I am a proud resident of Windham, NH, and have been since 2013. Not that I ever lived all that far away. I am a New England girl through and through. I’ve lived only in Connecticut, Massachusetts, and New Hampshire, and I see absolutely nothing wrong with that.
For me, there’s something about the change of seasons, a hearty (pronounced “hah-tee”) Boston accent, and a wicked good clam chowder (“chow-dah”) that does it for me.
This will be my third year registering for the Windham Turkey Trot (unfortunately, I was injured last year and could not run), and although I have had the choice of either a 3- or 5-mile route through the streets of this suburban town of 13,500, I usually stick with the 5K. I plan to up the ante this year.
Come Thanksgiving morning, a giant clock is strapped onto the top of a ladder, and the crowd counts down to the start of the race. There are no race bibs, no official times, and no trophies to show off running (or walking or biking or rollerblading) prowess. Instead, a community simply gathers for a good cause.
It’s too easy to get caught up in what’s not going right, whether that’s in our personal lives or around the world. The truth is there’s also so much that is going right.
Do you have a family that loves you? Friends that support you? Are you in good health? Do you have a roof over your head? Do you have food to eat? Have you had the benefit of an education? Do you have a job?
Not everyone will have all of these things, but odds are you have at least some. Thanksgiving is the perfect time to slow down and take stock of all the good in your life. Even in our darkest days, there is always something to light the way.
Louise Peltz and Heidi Reever knew that more than most.
When it comes to the Windham Turkey Trot, all thanks go to these thoughtful women for starting the event back in 1995. They knew to appreciate their health as runners. They knew to appreciate their time together as friends. They knew to appreciate the wonderful town they lived in. They used that gratitude and shared it with everyone around them.
Now, what started as 50 runners coming together before their holiday feast has grown to more than 1,400 runners burning calories and making memories before the celebratory meal hits the table.
An annual race does not come together on its own. It takes the coordination and patience of its runners, and I don’t necessarily mean the people running IN the race. Sponsors have to be gathered, advertising and marketing efforts have to be planned, volunteers have to be gathered, and the event website needs to be updated. There are even some nifty T-shirts designed for the trot each year.

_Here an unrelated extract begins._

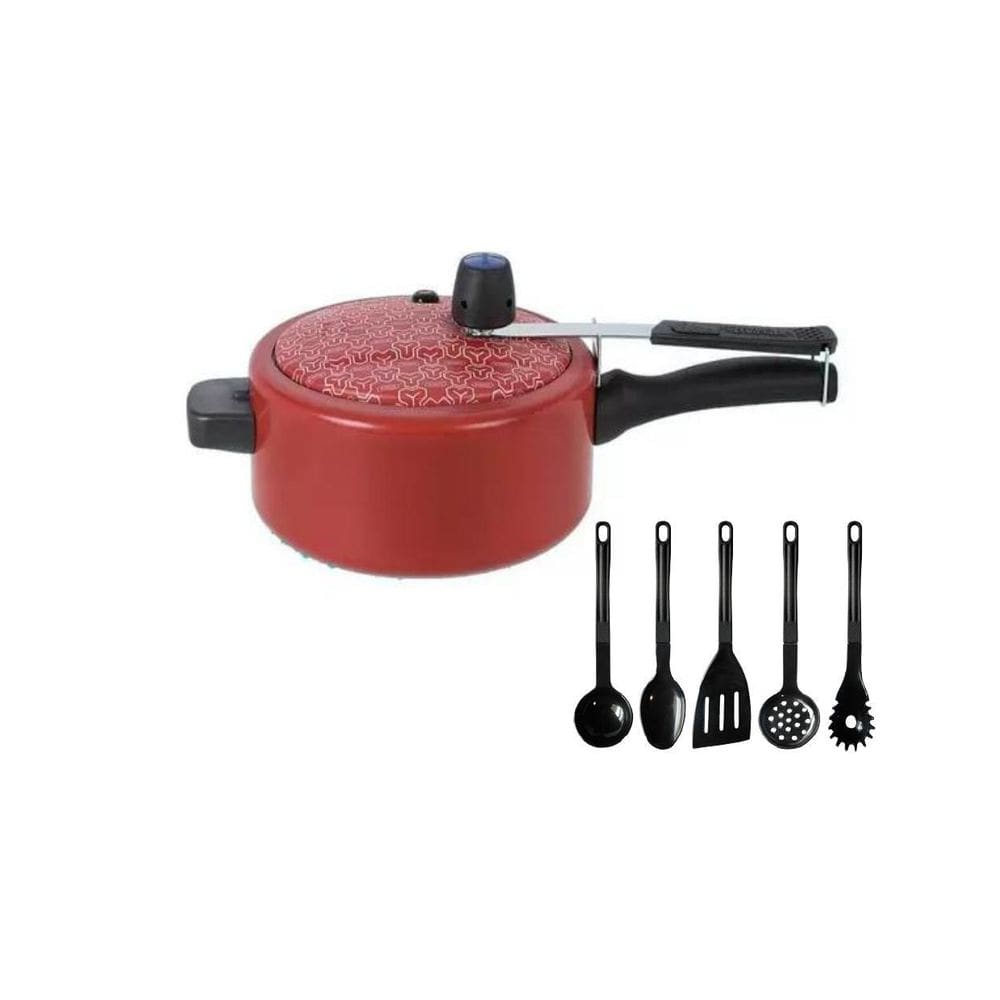 Kit Panela De Pressão Mas 5 Talheres Antiaderente.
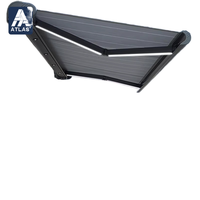 Auvent extérieur de luxe anti-UV en alliage d'aluminium avec éclairage LED, bras rétractable, design pliable, utilisation électrique pour caravane, télécommande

Most importantly, it is about charity.
At first, the Windham Turkey Trot gathered canned goods for donation from its participants. It has since become a 501c3 organization and accepts monetary donations, 100% of which go to local charities. As it has every year, the event will support Shepherd’s Pantry, a food pantry in Windham that assists needy families in southern New Hampshire. This year’s event will also support Windham Helping Hands, an organization that has literally helped senior citizens and families in need in so many ways since 2003. Please visit their websites to see how you can help.
I want to personally thank Louise Peltz and Heidi Reever for inspiring a community. By paying it forward, you have established a tradition in Windham that makes a real difference.